The Summer Deal (Wildstone #5)(57)
“You fight dirty,” he said, but he was looking amused.
Relieved to see that tortured look in his eyes gone, she pressed herself up against him and kissed him, long and deep. “Dirty is the only way to fight,” she murmured when they broke free to breathe. “Wanna go have a late lunch with me?”
“Wanna have you for lunch.”
She laughed, because he always said that, but . . . this lunch turned out to be the best in recent memory.
BRYNN GOT TO her moms’ house by midday, knowing they’d be in full company mode about the night’s “family” enchilada dinner. Brynn herself was still thinking about the previous night’s dinner. After her and Kinsey’s impromptu volleyball game, Eli had taken her out. They’d had dinner on the water, then gone for a sunset hike to the top of the bluffs. And after . . . after, back in his bed by moonlight had been her favorite part.

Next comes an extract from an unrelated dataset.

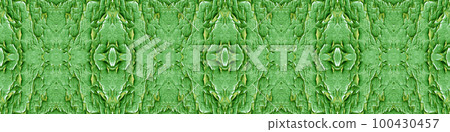 Seamless long banner, Background of old green paint. 100430457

Her moms were rushing around the house. “Don’t go to any trouble,” Brynn told them for the millionth time as she dug in to help.
“Of course we’re going to trouble,” Raina said.
“We want to get to know your friends,” Olive said from her perch at the table, where she sat with her laptop and a stack of bills.
“They’re all coming, right?” Raina asked Brynn.
“I think so. But, Mom, don’t read too much into this, okay? You know I’m a really crappy judge of character. I don’t really know them all that well.”
A fib, of course. Whoever had said that childhood relationships were the deepest relationships a person could ever have had been onto something. She and Kinsey and Eli were forever linked from all those years they’d spent at summer camp. Whether the three of them had liked each other or not back then no longer mattered.
Even after this short amount of time of being back in each other’s orbits, they now knew each other better than she did just about anyone else.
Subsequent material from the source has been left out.